JW Meetings through the eyes of a 4 year old
Over Christmas when we were having our family supper we mentioned that it was our 3rd Christmas and thought to ask the kids how much they remember from before we had the holidays.
Our oldest son vividly remembers not having Christmas and remembers how boring and annoying going to meetings were.
Our youngest is turning 5 and will grow up never knowing what a meeting is like or what it was like before we did the holidays.

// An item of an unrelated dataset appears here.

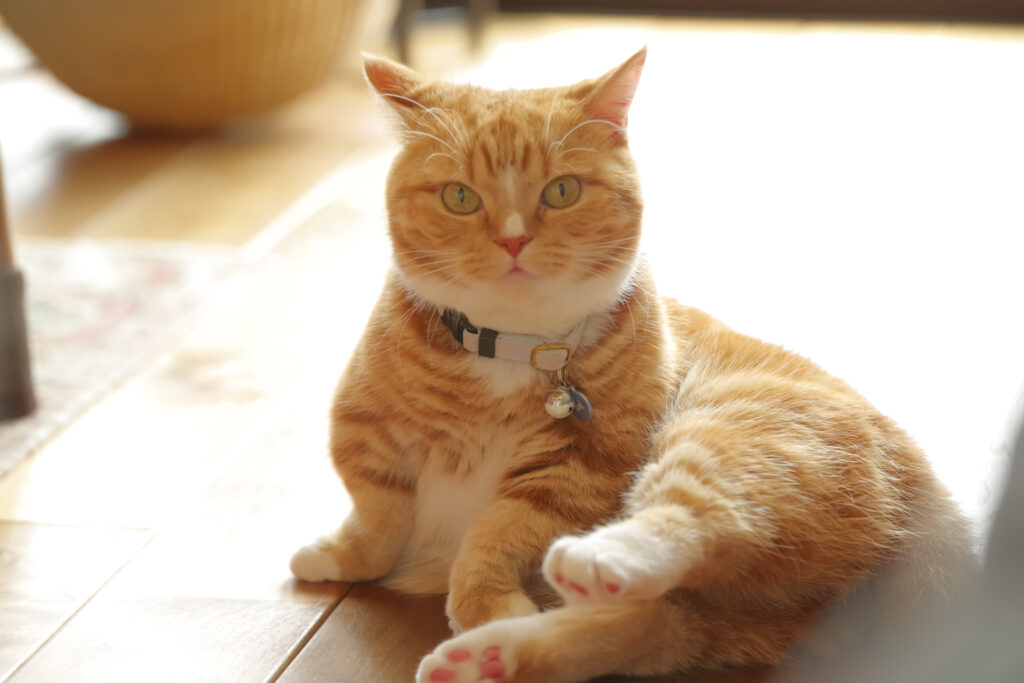 床に座ってこちらを見つめる猫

Our middle son said he remembered the meetings and liked them. That comment both concerned me and puzzled me. I was concerned that he would have some lingering affection for meetings and later on seek out witnesses and get trapped again. The puzzling factor was he was absolute hell at the meetings, he wouldn't sit still, he would make noise and cause a fuss and I'd often have to drag him out of the hall or downstairs to try to get him to settle down. We would often leave early or I would be exhausted after from trying to settle him down.

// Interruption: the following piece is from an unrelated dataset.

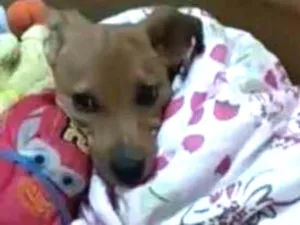 Cachorro raça Vira lata idade 2 a 6 meses nome Sheila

Hoping to trigger a bit of the negative memories about meetings, I asked him if he remembered all the sitting, and fussing and boredom. He said he sure did.
Okay, I was now a bit more confused. I asked him if he liked the meetings so much, why did misbehave every single time.
"Because if I was bad, you'd take me downstairs. The meetings weren't fun, but I liked to spend time with you."
So I got conned by a 4 year old, but thinking back he was alot smarter than I ever was.
Children are so honest.
Well, in my day, I would have got taken downstairs and spanked with a belt! Then I would have gotten another one when we got home. Many a time I spent in utter terror on the way home from a meeting thinking about the whipping I was going to get when I got home praying all the while to Jehovah that daddy would forget about it. He never did.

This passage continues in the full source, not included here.